I will, of course, be attending this panel of yours even though it's in the middle of the night. (Yeah, I think 10:30 is early.)
Fortunately, my body will still be on Paris time when I get to Indy, so that will help.
My panel, the one I"m moderating is very much up your alley.
Yrsa, whom we met in Bristol, is on it. So is the Stanley half of Michael Stanley (i'm having drinks with him here in Paris on Wednesday.
Christoper G. Moore is coming in from Bangkok, and Tamar Myers will be up there as well.
What, might you well ask is Tamar doing on a panel entitled "Murder At The Edge Of The Map" and dedicated to (you guessed, right?) international crime fiction.
Answer: her new one, due out on the first of October takes place in the Belgian Congo, where she lived during her teenage years.

August 30, 2009  
Blogger Peter Rozovsky said...

It's nice to learn that international crime fiction will have a multipanel presence in Indianapolis. I met Yrsa in Baltimore -- right after Iceland's banking system crashed, so that was our topic of discussion: how the crash might affect crime writing in Iceland. "Stanley" (and his other half should have been named "Livingstone" was a sharp and entertaining panelist in Baltimore, and I was pleased to see that Christopher Moore was coming all that way. Glad to see he'll be on a panel after such a long trip.

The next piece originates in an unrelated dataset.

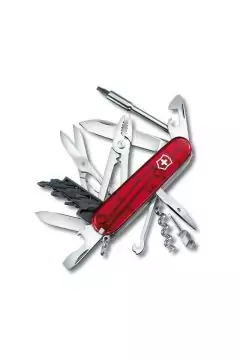 VICTORINOX | Swiss Army Knives CyberTool M Knives Red Transparent 4 Inch| 1.7725.T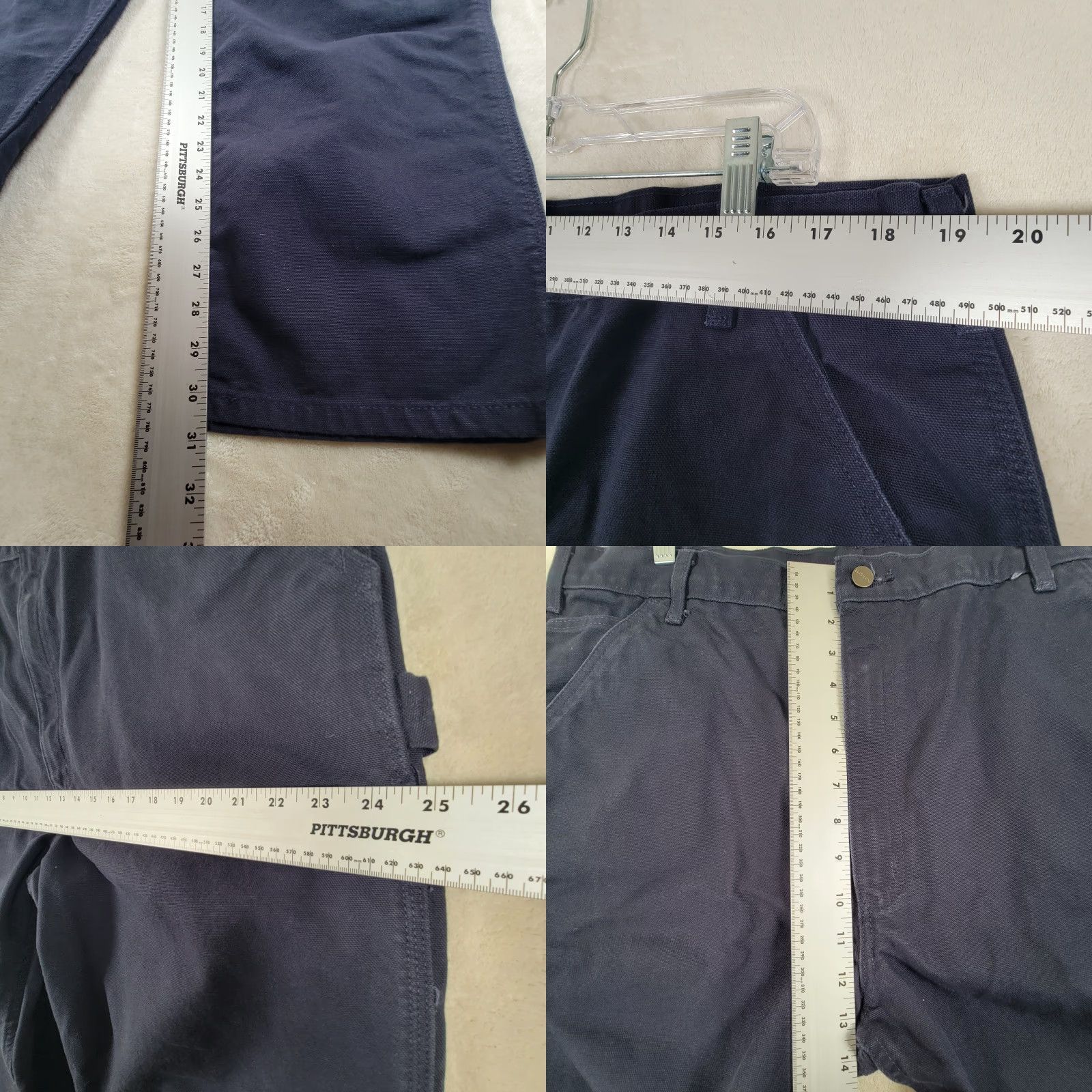 Carhartt Carhartt Jeans Men Regular Dark Blue Denim 5-Pocket Straight Waist 40X32 Size US 40 / EU 56 - 8 Thumbnail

When is your panel? I am as nocturnal as any human, but I regard 10:30 as a relief. I was afraid I'd get an 8 a.m. panel.

August 30, 2009  
Blogger Leighton said...

Hi Mate,
Had a drink today, here in Paris, with Stan (of the Michael Stanley duo) and we had a chat about your panel.
Both of us will be there.
Mine is on the sixteenth at 16:30.

September 02, 2009  
Blogger Peter Rozovsky said...

Excellent. Everyone will have had ample chance to get some sleep, and I will look forward to seeing you both.

I just received two books by Luiz Alfredo Garcia-Roza in the mail, so I may have some fresh questions about Brazil.

September 03, 2009  
Blogger seana said...

I've read two or three of Garcia-Roza's, and liked what I've read.

v word=foatersi, which just sounds sort of neat.

September 03, 2009  
Blogger Peter Rozovsky said...

I have a certain sympathy for a pensive detective who has massive piles of books in his apartment. I thought one of Garcia-Roza's novels had something approaching a cheat in it, but I also like very much a striking depiction he has of a building just down the hill from one of the favelas in Rio de Janeiro -- out of the worst of the violence and poverty, in other words -- but that is still struck occasionally by bullets. That's a nice touch, I thought.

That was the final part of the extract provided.